Avec sa voix suave et ses mélodies jazzy, Sienna Rose est rapidement devenue un phénomène sur les plateformes de streaming. Trois de ses titres ont intégré le prestigieux classement « Viral Top 50 » de Spotify, et son morceau phare, « Into the Blue », dépasse les 5 millions d'écoutes. Pourtant, derrière ce succès fulgurant se cache une réalité troublante : Sienna Rose n'existe pas.
Comment une artiste fantôme a-t-elle pu devenir si populaire ?
Le succès de Sienna Rose repose sur une production musicale prolifique et une esthétique soignée, mais plusieurs indices ont semé le doute. L'artiste n'a aucune présence sur les réseaux sociaux, n'a jamais donné de concert et a publié pas moins de 45 morceaux en l'espace de quelques mois, un rythme de production surhumain. Cette absence totale de vie publique, couplée à des visuels aux allures génériques, a rapidement alerté les auditeurs les plus attentifs.
La controverse a pris une autre dimension lorsque la pop star Selena Gomez a utilisé l'une de ses chansons dans une publication Instagram, avant de la retirer face aux interrogations grandissantes. La confirmation est finalement venue de la plateforme concurrente Deezer, qui a révélé que la majorité des titres de Sienna Rose étaient bien détectés et identifiés comme étant issus d'une intelligence artificielle.
Quels sont les signes qui trahissent une création par l'IA ?
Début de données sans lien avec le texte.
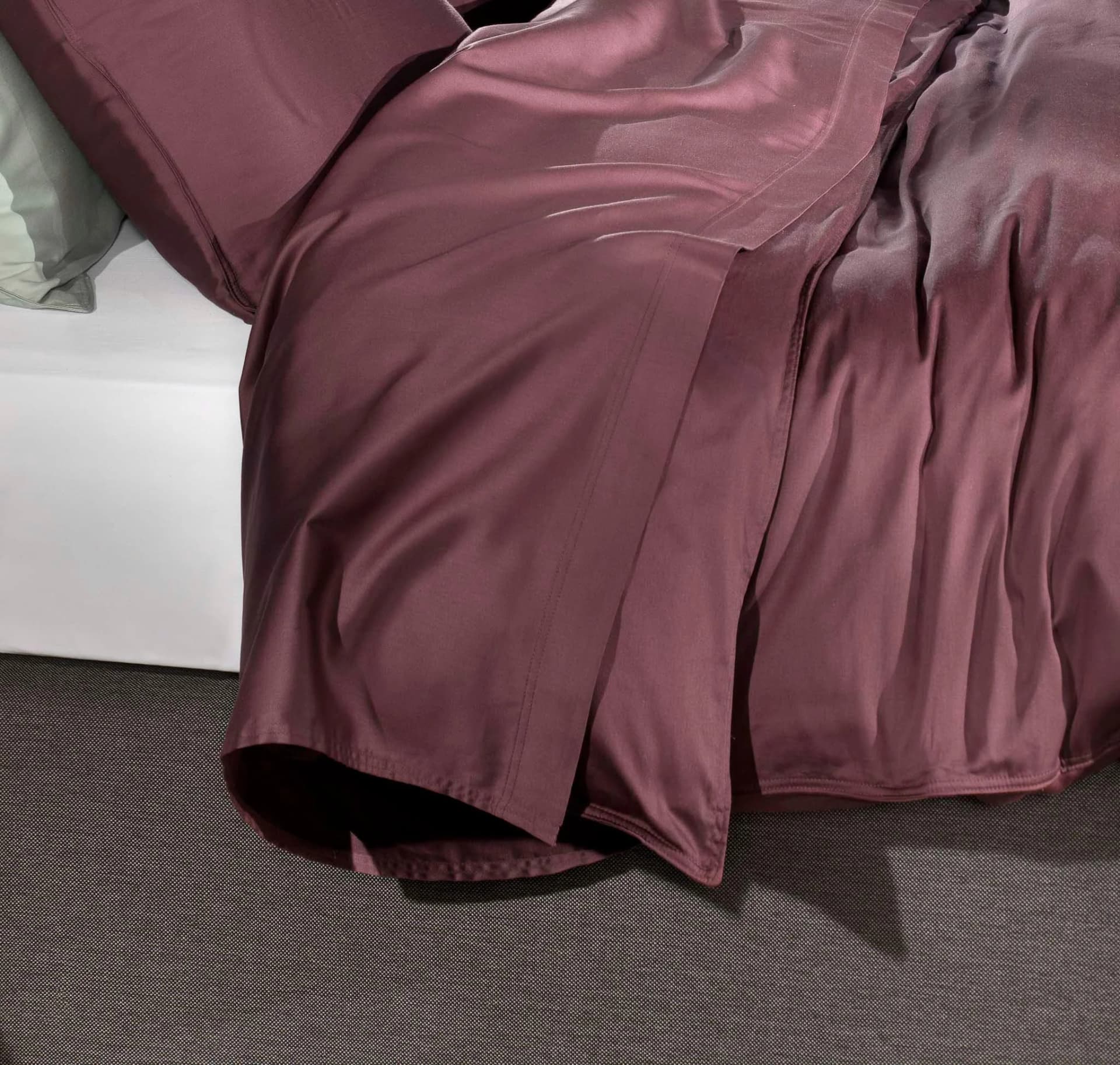 Bettlaken aus Baumwolle und Mako-Satin in lila und mauve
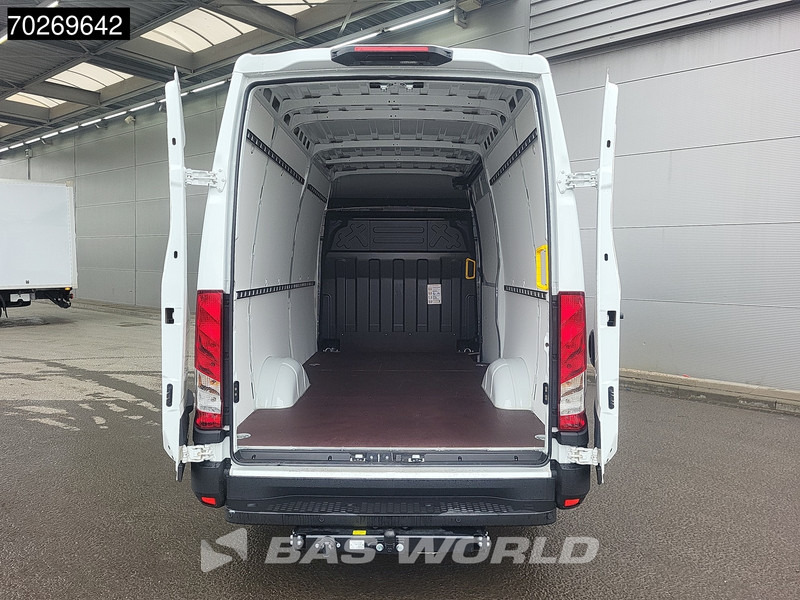 Iveco Daily 35S21 3.0L Automaat Black Edition 2025 model L2H2 Trekhaak Tacho ACC LED CarPlay Velgen Camera 12m3 Airco Trekhaak - Furgon: slika 3 Iveco Daily 35S21 3.0L Automaat Black Edition 2025 model L2H2 Trekhaak Tacho ACC LED CarPlay Velgen Camera 12m3 Airco Trekhaak - Furgon: slika 3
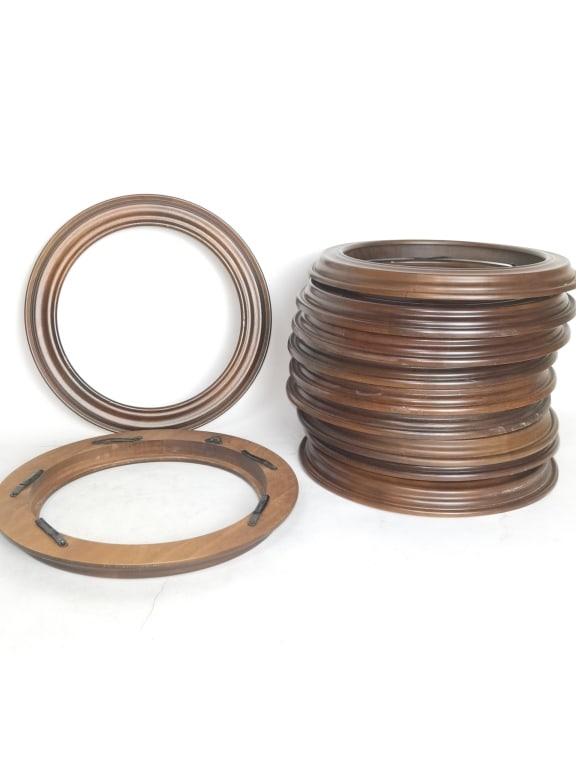 Group of Wood Carved Plate Frames: Group of Wood Carved Plate Frames, 8.5in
Au-delà du manque d'incarnation de l'artiste, des « artefacts » sonores spécifiques ont été relevés dans ses compositions. De nombreux auditeurs ont noté un léger souffle continu ou un sifflement en arrière-plan de certains morceaux. Ce défaut est typique des outils d'intelligence artificielle comme Suno ou Udio, qui génèrent de la musique en partant d'un bruit blanc qu'ils raffinent ensuite progressivement.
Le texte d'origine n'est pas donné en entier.